Abgestürzter US-Bomber strahlt seit 38 Jahren

9. Juni 2006, 16:41
35 Postings

Gesundheitsforscher drängen auf systematische Untersuchung der betroffenen Region auf Grönland

Nuuk/Helsinki - 38 Jahre nach dem Absturz eines mit vier Atomsprengköpfen bestückten B-52-Bombers in der Nähe der grönländischen US-Basis Thule ist die Umgebung der Unfallstelle immer noch verstrahlt. Gesundheitsforscher drängen auf eine systematische Untersuchung der Gegend um die Siedlung Narsaarsuk, die im Jänner 1968 wegen der herrschenden Witterung besonders von radioaktivem Fallout betroffen war.

Eine im vergangenen Herbst veröffentlichte Studie des dänischen Forschungszentrums Risö hatte in der Region in zweijähriger Forschungsarbeit sowohl auf dem Festland als auch im Meeresboden nach wie vor erhöhte Strahlenwerte festgestellt. Die Forscher befürchten, dass das Plutonium auch an die Luft gelangt, wo es für die Menschen besonders gefährlich ist.

Hilfe soll kommen

Laut einem Online-Bericht des grönländischen Rundfunks KNR soll in der kommenden Woche eine dänisch-grönländische Arbeitsgruppe eingesetzt werden, um weitere Maßnahmen zu beschließen. Der dänische Regierungschef Anders Fogh Rasmussen hatte vergangenen Herbst staatliche Finanzhilfe für die Folgeuntersuchungen der Risö-Studie versprochen.

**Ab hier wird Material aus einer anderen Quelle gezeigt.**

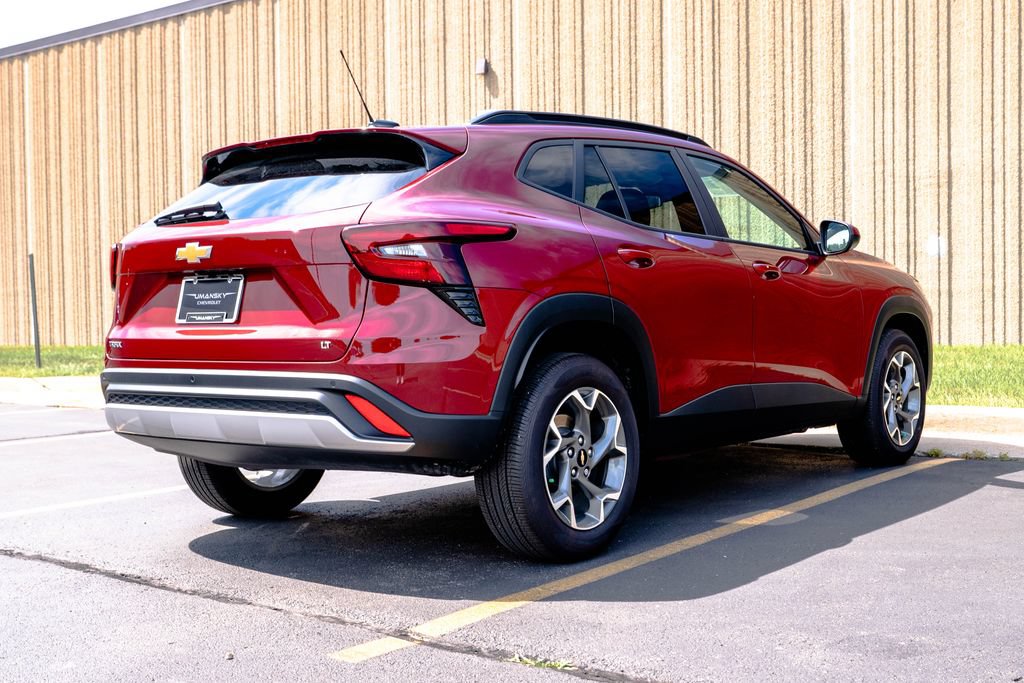 Certified 2025 Chevrolet Trax LT w/ Driver Confidence Package FWD image 9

Der Absturz ereignete sich am 21. Jänner 1968. Bei den Bergungsarbeiten wurden zahlreiche dänische und grönländische Helfer verstrahlt, die USA lehnten Kompensationszahlungen ab. Bis heute ist ungeklärt, ob wirklich alle vier Atombomben geborgen und entsorgt wurden. Das Pentagon erneuert derzeit das Radarsystem der Basis, das als Teil des umstrittenen Raketenschutzschilds der USA geplant ist. (APA)

Share if you care.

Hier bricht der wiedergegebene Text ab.